I regret my lack of presence on the Blog Squad for the past while. Exams and projects had gotten the best of me and it was difficult to keep up with the posts.
It’s a bittersweet symphony.
As cliched as it sounds, there really isn’t a better way to describe it.
Right now, I’m sitting in my empty dorm room, savouring the last hour I get to spend in my home for the past 8 months. All the markings of my identity are gone: posters, books, clothes. It’s back the way it was in September when I entered my room for the first time on move-in day, wide-eyed with the prospects of the year ahead.
It’s a feeling that’s really difficult to fathom. The excitement of summer lies ahead (but in my case, summer school before the fun begins), while the memories of the past year keeps me in first year mode. It feels like high school graduation again: we leave with amazing memories, some regrets, and promises to keep in touch with each other. However, this time around, it’s been so much more difficult to say goodbye.
Entering UBC, I felt like the eleven-year-old Harry Potter stepping into Hogwarts for the first time. Until that point, Harry had never truly fit in. Like Harry, when I came to UBC, things took a complete 180-degree turn and I’ve never met so many amazing people in a matter of months. I’ve made some of the best friends I’ll ever have and I’m constantly amazed by everyone’s unique experiences that contribute to the diverse campus community. Everything just feels so right.
But April 26, 2012 feels like a rude interruption.
I’m really not ready to leave first year yet. There are so many things I wish I had or had not done. It pains me to see my friends fly away thousands of miles away, when we saw each other every day throughout the year. I felt that we take our proximity for granted throughout the year until we realize that we’re going to be separated.
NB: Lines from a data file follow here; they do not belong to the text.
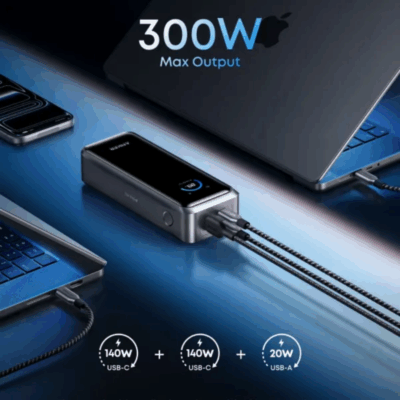 Pin Dự Phòng Anker Prime 26000mAh 300W Siêu Nhanh – Anker Prime A110A Chính Hãng Pin Dự Phòng Anker Prime 26000mAh 300W Siêu Nhanh – Anker Prime A110A Chính Hãng - Đánh thức mọi tiềm năng thiết bị của bạn với <strong>Anker Prime A110A</strong> – biểu tượng mới của sức mạnh và công nghệ sạc nhanh. Với dung lượng khổng lồ 26.000mAh và tổng công suất đầu ra đột phá lên tới 300W, sản phẩm này được thiết kế để sạc siêu tốc cho mọi dòng Laptop hiệu năng cao, MacBook Pro và các thiết bị di động mới nhất. <strong>Anker Prime A110A</strong> sở hữu màn hình kỹ thuật số thông minh, hiển thị chi tiết thông số sạc theo thời gian thực và tích hợp kết nối ứng dụng qua Bluetooth để quản lý pin dễ dàng. Được trang bị hệ thống an toàn ActiveShield 2.0 tiên tiến, <strong>Anker Prime A110A</strong> chính là trạm năng lượng di động tối thượng, đảm bảo bạn luôn sẵn sàng cho mọi thử thách công việc và giải trí dù ở bất cứ đâu.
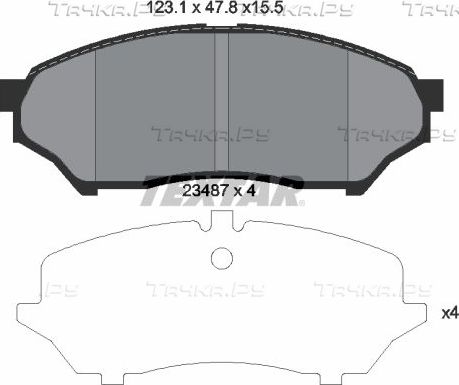 Тормозные колодки Textar передние для Mitsubishi Pajero Mini I 1997-2012. Артикул 2348701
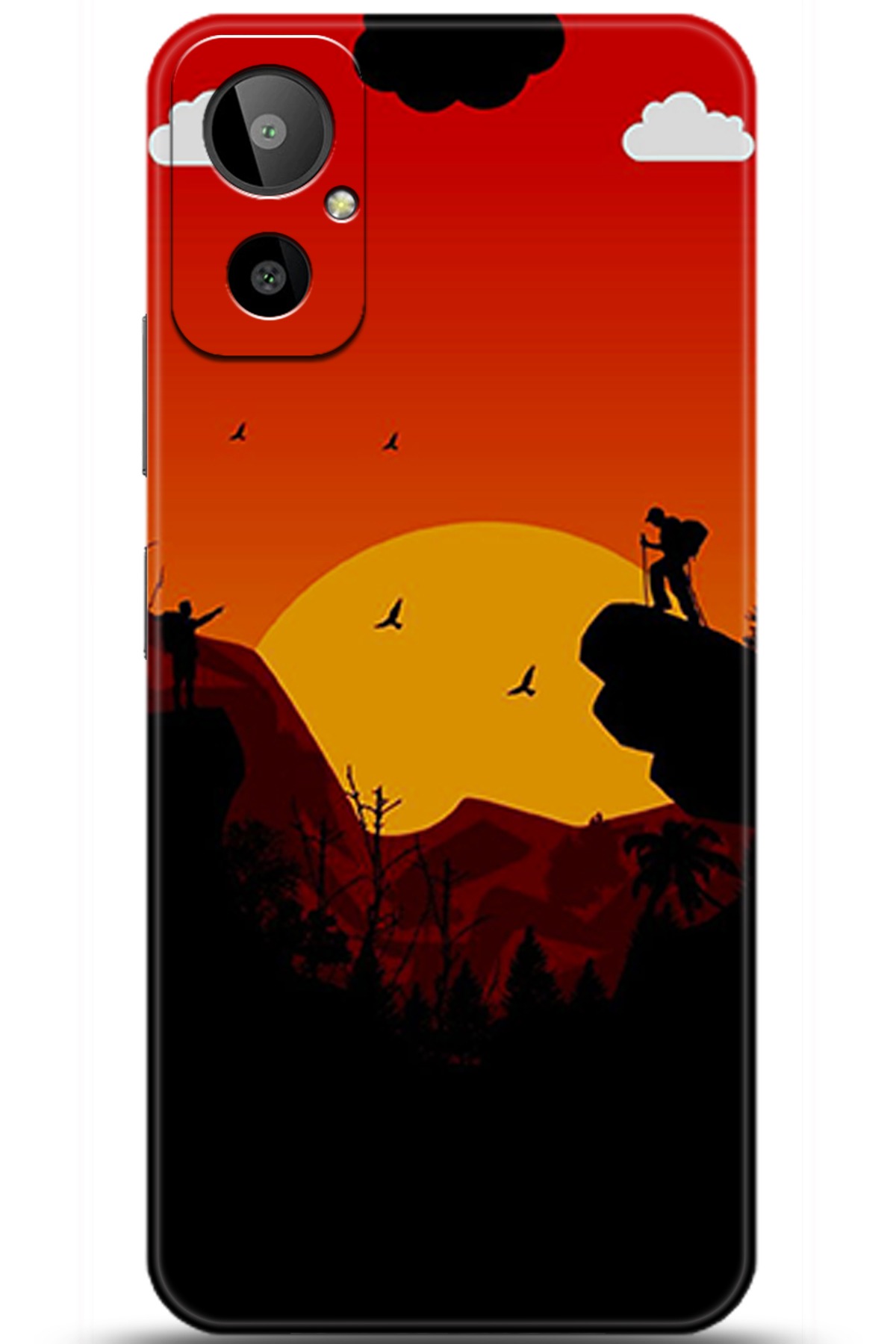 General Mobile GM 23 SE Uyumlu Kılıf HD Baskılı Kılıf - Followed Institution 5407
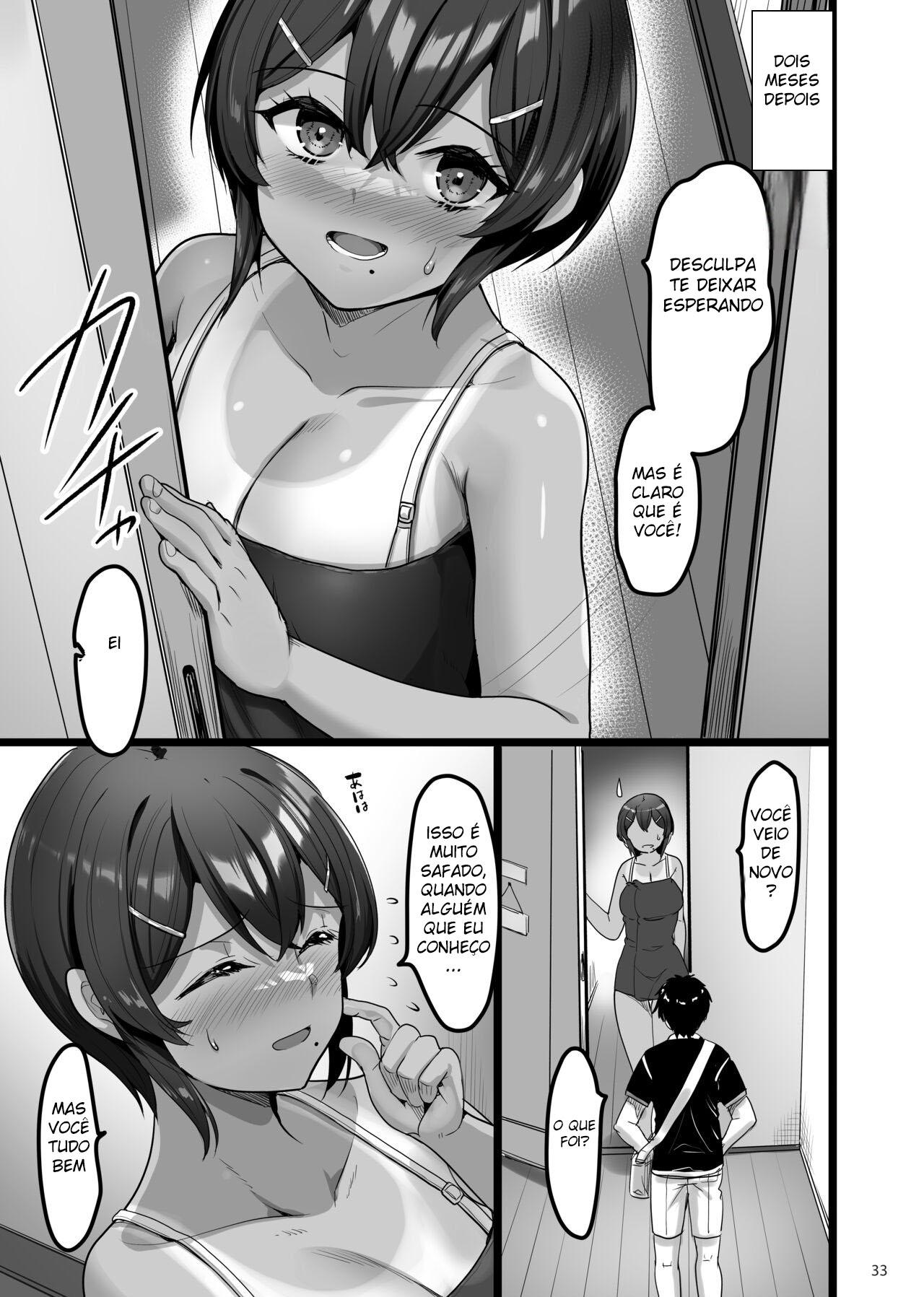 [65535th Avenue. (Akahito)] Ecchi na Omise ni Ittara Osananajimi ga Detekita Hanashi - Sex Establishment Series [Portuguese-BR] [Digital] numero di immagine  32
Last night, my floor, Tec 3rd, shared a tender, sentimental moment together. Many cried, but it didn’t hit me until this morning when the reality of the situation really sunk in and the tears started to spill. We really are leaving. It’s a concept that I haven’t come to terms with yet. I feel uprooted, a little lost, and melancholic. But I guess no one is ever prepared to leave. I remember when I first received my keys, the guy told me that I would be moving out sooner than I’d expect. It is completely true. The day just comes when you have to breathe, let go, and say goodbye.
All in all, my first year at UBC has been one of the best years of my life so far.
This time last year, I was still unsure where I’d be heading that September. If you think about it, it truly is amazing how all our paths converge. If we hadn’t taken that class, lived in that house or even gone to UBC, the people we know would be completely changed. We’re affected by every person we meet; we change each other in big or small ways.
I think the largest component of university is the people. The infrastructure and classes set up the framework, but it’s really the uniqueness of every individual that fleshes out the institution. Each person makes the university experience what they want it to be.
I’ll end first year with some parting words from the Broadway musical “Wicked.”
I’ve heard it said
That people come into our lives for a reason
Bringing something we must learn
And we are led
To those who help us most to grow
If we let them
And we help them in return
Well, I don’t know if I believe that’s true
But I know I’m who I am today
Because I knew you…
I have been changed for good- “For Good” – Wicked
Have a wonderful summer and hope to see you next year!